The initial summary judgment order was issued on March 8, 2001, but was not made final until January 20, 2003. During this intermediate timeframe, the issue of misconduct concerning the secret taped recordings surfaced. As a result, World moved to vacate the initial summary judgment order. The motion to vacate was denied on January 3, 2003, before the final judgment was issued concerning the original summary judgment order.

An appeal from the denial of the motion to vacate could not be taken until after the final judgment was issued on the original summary judgment order, which took place on January 20, 2003. Thus, an appeal of the denial of the motion to vacate and the original summary judgment order could only take place after January 20, 2003, and, therefore, the February 10, 2003 appeal was timely.

World feels so strongly about this position it suggests Merci should be sanctioned for raising the issue.

The two cases cited by Merci are not determinative because they refer to appeals of Rule 60(b) orders taken after the final judgment was issued on the original summary judgment order. Federal Practice and Procedure provides: "if the court hears and denies the motion before the appeal time would have run, the appeal must be taken with the prior period measured from the date of the judgment, not from denial of the motion." 10A CHARLES ALAN WRIGHT, ET AL., Federal Practice and Procedure § 2871 at 421 (2d ed. 1995) (emphasis added). In this case, the time for the appeal had not run because the final judgment had not yet been issued.

D. Proper Legal Standard Applicable to a Motion to Vacate Summary Judgment

The parties dispute whether the trial court applied the proper legal standard to its analysis. At the heart of this dispute lies the issue of whether the secret taped recordings made by Nakayama of conversations between Komoda and himself, which were not initially turned over in the discovery process, prevented World from fully and fairly presenting their case or defense. See Anderson v. Cryovac, Inc., 862 F.2d 910, 925 (1st Cir. 1988); See Com. R. Civ. P. 60(b)(2) and (3). World contends this misconduct prevented it from fully defending against summary judgment because the information contained in the taped recordings could have assisted its counsel in pursuing a fiduciary defense theory based on partnership or joint enterprise and the defense theory of promissory estoppel. We find the trial court did not abuse its discretion when it ruled that the discovery misconduct surrounding the secret taped recordings did not prevent World from fully and fairly presenting its case or defense.

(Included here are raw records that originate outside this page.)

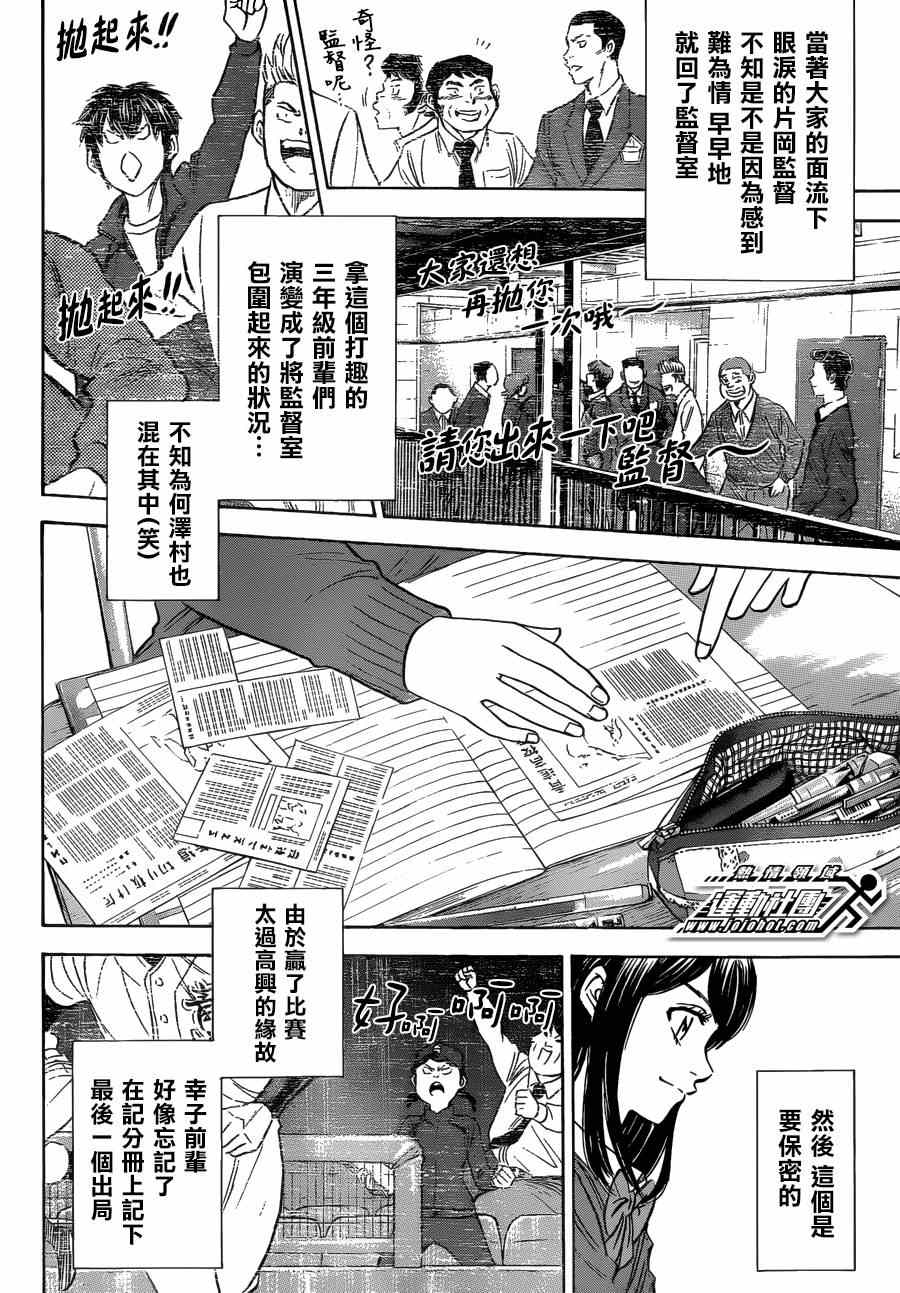 《钻石王牌》漫画最新章节特别番外篇免费下拉式在线观看章节第【6】张图片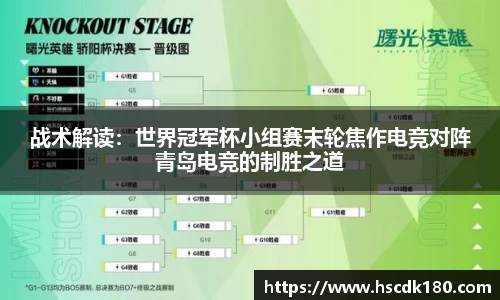 足球高清无插件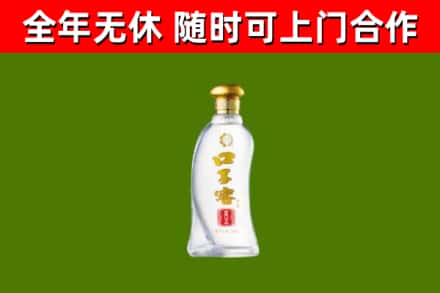 冠市烟酒回收口子窖.jpg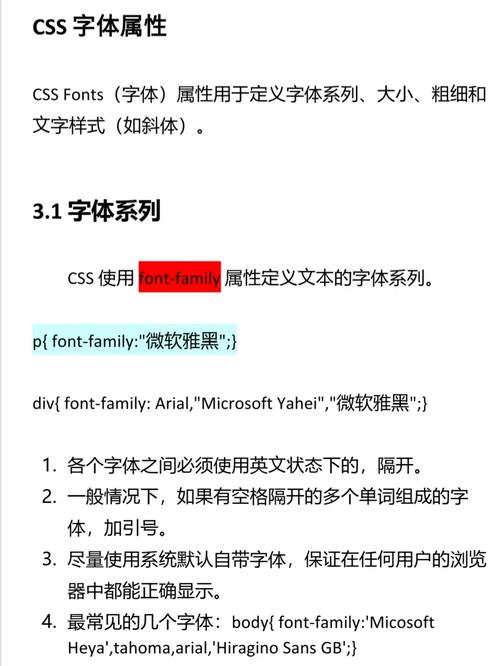 CSS样式命令有哪些?-图3 CSS样式命令有哪些?-图3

E. Partnership/Joint Venture Argument

World argues the statute of frauds is not applicable because agreements between partners to share profits and losses arising from the purchase and sale or transfer of interests in land do not require a writing. It contends the taped recordings provide evidence of an ongoing partnership or joint venture. At the very least, World asserts, the taped recordings provide information that raise a triable issue of fact as to whether a partnership or joint venture existed. This partnership, World argues, was "winding down" and a fiduciary relationship existed that defeats the statute of frauds defense.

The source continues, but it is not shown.